== PROVIDED MATERIAL ==

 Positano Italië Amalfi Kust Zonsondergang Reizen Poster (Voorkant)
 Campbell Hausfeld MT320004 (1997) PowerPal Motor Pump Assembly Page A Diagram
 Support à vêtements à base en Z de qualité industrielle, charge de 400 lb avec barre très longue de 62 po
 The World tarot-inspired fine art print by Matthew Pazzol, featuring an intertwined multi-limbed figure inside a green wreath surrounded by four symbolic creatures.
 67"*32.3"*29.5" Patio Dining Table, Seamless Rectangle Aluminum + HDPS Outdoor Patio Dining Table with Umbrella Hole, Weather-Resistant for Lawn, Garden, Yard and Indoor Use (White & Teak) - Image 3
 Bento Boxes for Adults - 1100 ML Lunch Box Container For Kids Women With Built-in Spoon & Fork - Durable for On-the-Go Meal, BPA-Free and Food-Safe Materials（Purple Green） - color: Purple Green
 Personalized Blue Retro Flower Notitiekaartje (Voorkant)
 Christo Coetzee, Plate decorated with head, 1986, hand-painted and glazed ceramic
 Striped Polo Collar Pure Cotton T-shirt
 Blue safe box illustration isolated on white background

===
== PROVIDED MATERIAL ==

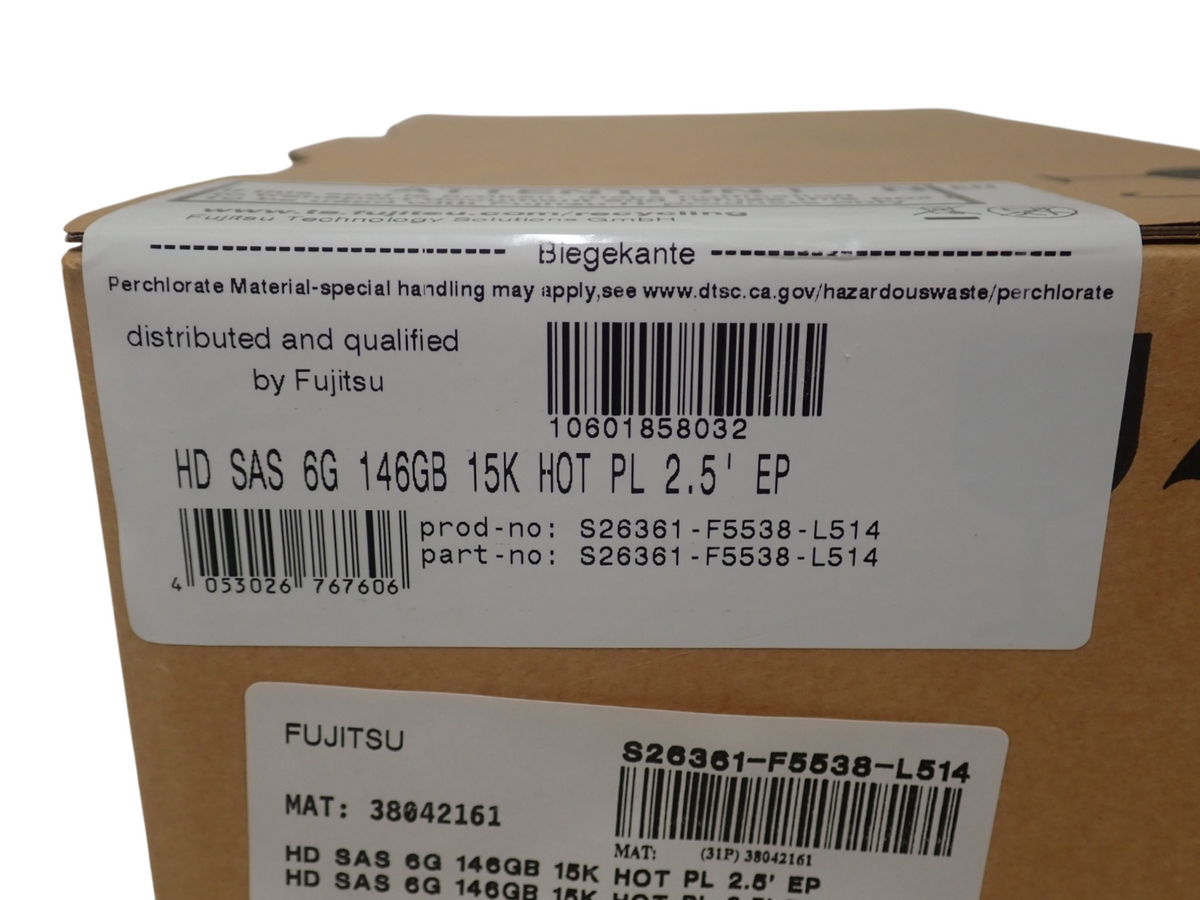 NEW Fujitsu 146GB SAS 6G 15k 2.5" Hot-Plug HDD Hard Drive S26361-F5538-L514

===

▶ THE PROBLEM
Go through the entries above and copy each line with "Voorkant" in it.

▶ ANSWER BOX
 Positano Italië Amalfi Kust Zonsondergang Reizen Poster (Voorkant)
 Personalized Blue Retro Flower Notitiekaartje (Voorkant)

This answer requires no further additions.